* _Work to complete_
Please retype the records below exactly, from the first line through the line containing "Prodej louky, 4326 m², Praha-západ, Klínec", and leave out any pictures.

Brief descriptive captions
Start of Block
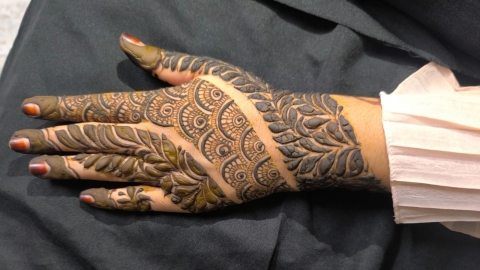 Muskan Mehndi Artists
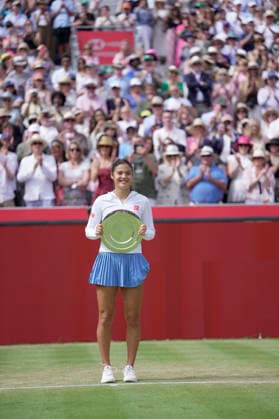 HSBC Championships - Day Seven Emma Raducanu of Great Britain during the trophy presentation at The HSBC Championships 2026 Women s tennis tournament at The Queen s Club in London, England, on June 14, 2026. London Greater London United Kingdom  Copyright: xOwenxHammondx originalFilename:hammond-thehsbcc260614_npyO4.jpg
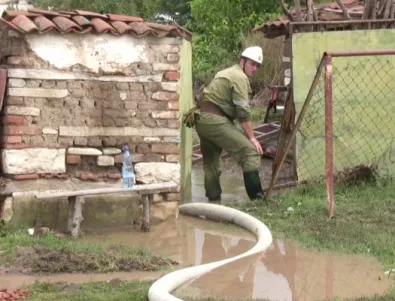 Нивото на подпочвените води в 2 пазарджишки села остава високо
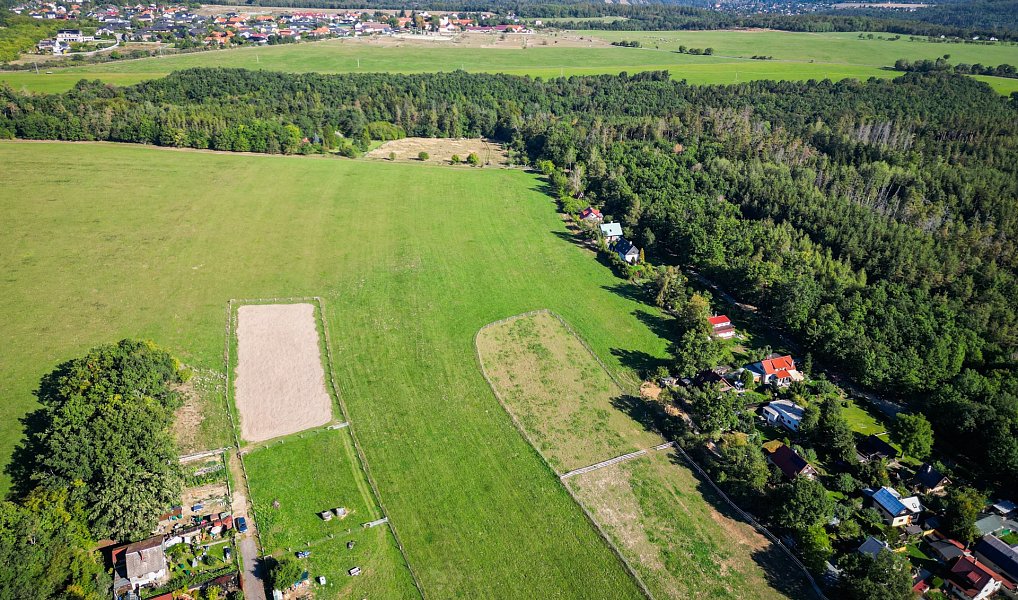 Prodej louky, 4326 m², Praha-západ, Klínec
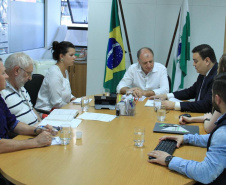 A Coordenadoria de Integridade e Compliance, da Controladoria-Geral do Estado, entregou, nesta segunda-feira (18), o Plano de Integridade da Secretaria do Desenvolvimento Urbano e de Obras Públicas. O documento contém o mapeamento das atividades ou processos que podem apresentar riscos e vulnerabilidades ao trabalho íntegro e eficiente e foi recebido pelo secretário João Carlos Ortega. Foto:Divulgação/SEDU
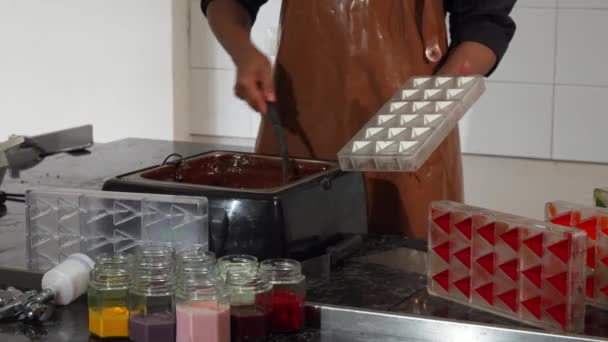 Професійний шоколатьє працює на кухні — стокове відео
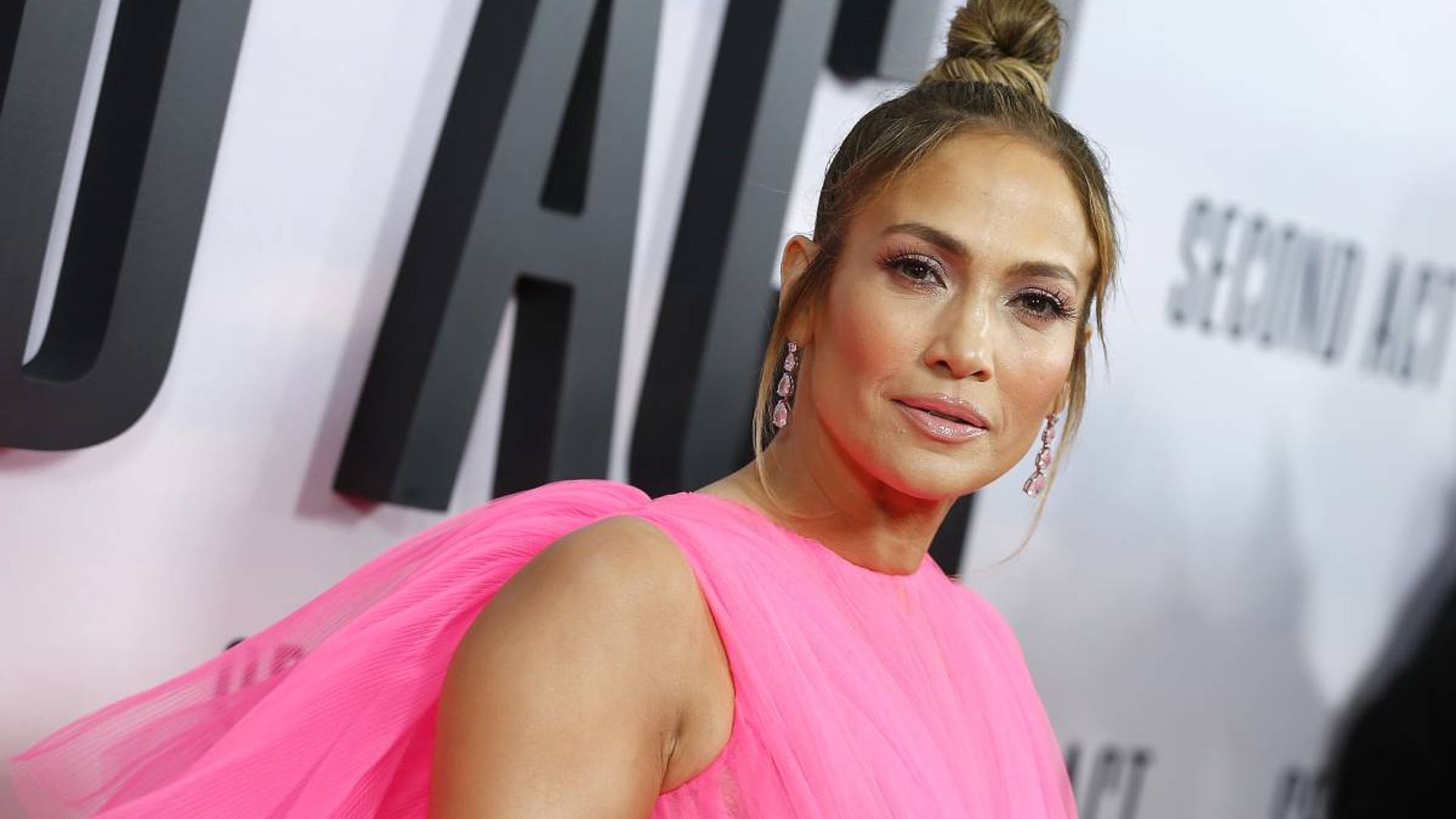 Jennifer Lopez’s dazzling mile-long cape needs to be seen to be believed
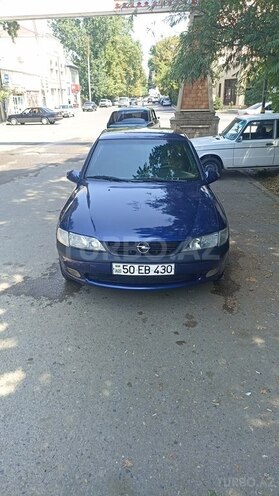 Opel Vectra 1996, 318,000 km - 2.0 l - Qazax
End of Block
* _Response to this task_
 Muskan Mehndi Artists
 HSBC Championships - Day Seven Emma Raducanu of Great Britain during the trophy presentation at The HSBC Championships 2026 Women s tennis tournament at The Queen s Club in London, England, on June 14, 2026. London Greater London United Kingdom  Copyright: xOwenxHammondx originalFilename:hammond-thehsbcc260614_npyO4.jpg
 Нивото на подпочвените води в 2 пазарджишки села остава високо
 Prodej louky, 4326 m², Praha-západ, Klínec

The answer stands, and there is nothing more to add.